JHechtJennifer Michael Hecht
Dr. Anne Klaeysen, Leader presides
“In every age, unbelievers worry about the loss of their old religion’s particular details. The atheists of Zeus, et al, wrote of missing the gods’ guidance, but not of missing the afterlife — because the Olympian religion had never offered them one. We today have a meaning problem because, as a culture, we just got out of a relationship with a character named God who was understood to be the source of human meaning. Note, instead, that the part of our religion that had helped us feel meaning, all along, was community, ritual, and the poetic instigation of awe.
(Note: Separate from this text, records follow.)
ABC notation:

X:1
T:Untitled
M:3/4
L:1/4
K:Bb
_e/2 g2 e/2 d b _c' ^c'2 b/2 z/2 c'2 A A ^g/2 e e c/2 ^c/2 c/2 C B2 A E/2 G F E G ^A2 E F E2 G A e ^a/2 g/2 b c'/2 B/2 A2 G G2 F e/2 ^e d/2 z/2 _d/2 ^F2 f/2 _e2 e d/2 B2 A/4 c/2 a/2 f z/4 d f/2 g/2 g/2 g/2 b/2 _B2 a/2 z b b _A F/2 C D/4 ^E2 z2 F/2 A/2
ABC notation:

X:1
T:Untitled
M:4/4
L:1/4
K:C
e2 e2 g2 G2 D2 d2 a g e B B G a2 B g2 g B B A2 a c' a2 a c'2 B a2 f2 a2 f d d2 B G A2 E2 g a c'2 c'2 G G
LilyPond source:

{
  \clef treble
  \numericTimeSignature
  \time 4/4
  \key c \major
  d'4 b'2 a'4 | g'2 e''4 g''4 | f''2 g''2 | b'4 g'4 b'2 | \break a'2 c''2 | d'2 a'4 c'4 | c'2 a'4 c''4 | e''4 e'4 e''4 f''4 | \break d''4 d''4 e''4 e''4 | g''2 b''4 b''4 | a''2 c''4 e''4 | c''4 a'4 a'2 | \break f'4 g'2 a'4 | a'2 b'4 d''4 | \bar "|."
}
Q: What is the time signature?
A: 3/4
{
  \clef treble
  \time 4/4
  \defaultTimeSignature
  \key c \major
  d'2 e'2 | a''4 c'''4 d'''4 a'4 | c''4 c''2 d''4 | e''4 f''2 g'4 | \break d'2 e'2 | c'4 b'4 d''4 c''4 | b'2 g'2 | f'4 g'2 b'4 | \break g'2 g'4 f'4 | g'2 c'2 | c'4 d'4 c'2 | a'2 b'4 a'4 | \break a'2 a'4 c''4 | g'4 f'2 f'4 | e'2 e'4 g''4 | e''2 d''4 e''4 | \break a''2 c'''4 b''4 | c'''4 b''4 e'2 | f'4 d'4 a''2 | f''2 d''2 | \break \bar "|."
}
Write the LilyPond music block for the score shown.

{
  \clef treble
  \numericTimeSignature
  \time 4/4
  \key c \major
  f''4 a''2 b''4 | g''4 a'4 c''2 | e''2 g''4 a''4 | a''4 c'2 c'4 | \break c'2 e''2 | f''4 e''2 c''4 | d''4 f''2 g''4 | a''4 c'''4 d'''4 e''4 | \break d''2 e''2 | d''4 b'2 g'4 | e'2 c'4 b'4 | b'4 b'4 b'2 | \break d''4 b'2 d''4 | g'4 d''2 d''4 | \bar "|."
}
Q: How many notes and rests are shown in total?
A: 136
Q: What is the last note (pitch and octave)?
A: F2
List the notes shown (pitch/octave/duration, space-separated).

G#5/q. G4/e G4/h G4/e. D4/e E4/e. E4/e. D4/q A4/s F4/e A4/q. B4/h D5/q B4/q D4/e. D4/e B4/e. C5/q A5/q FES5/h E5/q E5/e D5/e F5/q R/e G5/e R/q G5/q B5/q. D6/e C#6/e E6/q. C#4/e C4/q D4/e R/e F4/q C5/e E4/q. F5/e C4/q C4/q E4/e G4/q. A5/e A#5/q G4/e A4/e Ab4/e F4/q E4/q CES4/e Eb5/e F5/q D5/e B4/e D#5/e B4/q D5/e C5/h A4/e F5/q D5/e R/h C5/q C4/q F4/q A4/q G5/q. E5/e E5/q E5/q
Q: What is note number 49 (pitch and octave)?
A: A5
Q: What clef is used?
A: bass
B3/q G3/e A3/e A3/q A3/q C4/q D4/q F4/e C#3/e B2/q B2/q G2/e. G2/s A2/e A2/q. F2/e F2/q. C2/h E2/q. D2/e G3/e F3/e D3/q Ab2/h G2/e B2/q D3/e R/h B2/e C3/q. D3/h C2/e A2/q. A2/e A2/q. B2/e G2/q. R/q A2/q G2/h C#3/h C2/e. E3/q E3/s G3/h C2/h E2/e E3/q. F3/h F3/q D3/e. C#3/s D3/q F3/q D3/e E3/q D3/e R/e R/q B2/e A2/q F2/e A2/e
I will draw on the history of doubt and unbelief, and on poetry, to instigate some awe and re-envision mood and meaning.”Jennifer Michael Hecht is an intellectual historian, poet, and commentator. She has written four books of history and philosophy including the bestseller Doubt: A History (HarperOne, 2003) and Stay (Yale, 2013), a secular argument against suicide. She holds a Ph.D. in the History of Science from Columbia University. Hecht has published three books of poetry, most recently Who Said (Copper Canyon, 2013) and has taught poetry seminars in the MFA programs of Columbia and the New School. She has been the featured guest on many NPR shows, including Brian Lehrer and On Being, and has appeared on tv, including Hardball MSNBC and The Morning Show. She lives in Brooklyn, a few blocks from where her great grandparents lived, with her husband and two children, and is at work on a new book on wonder and the secular sacred.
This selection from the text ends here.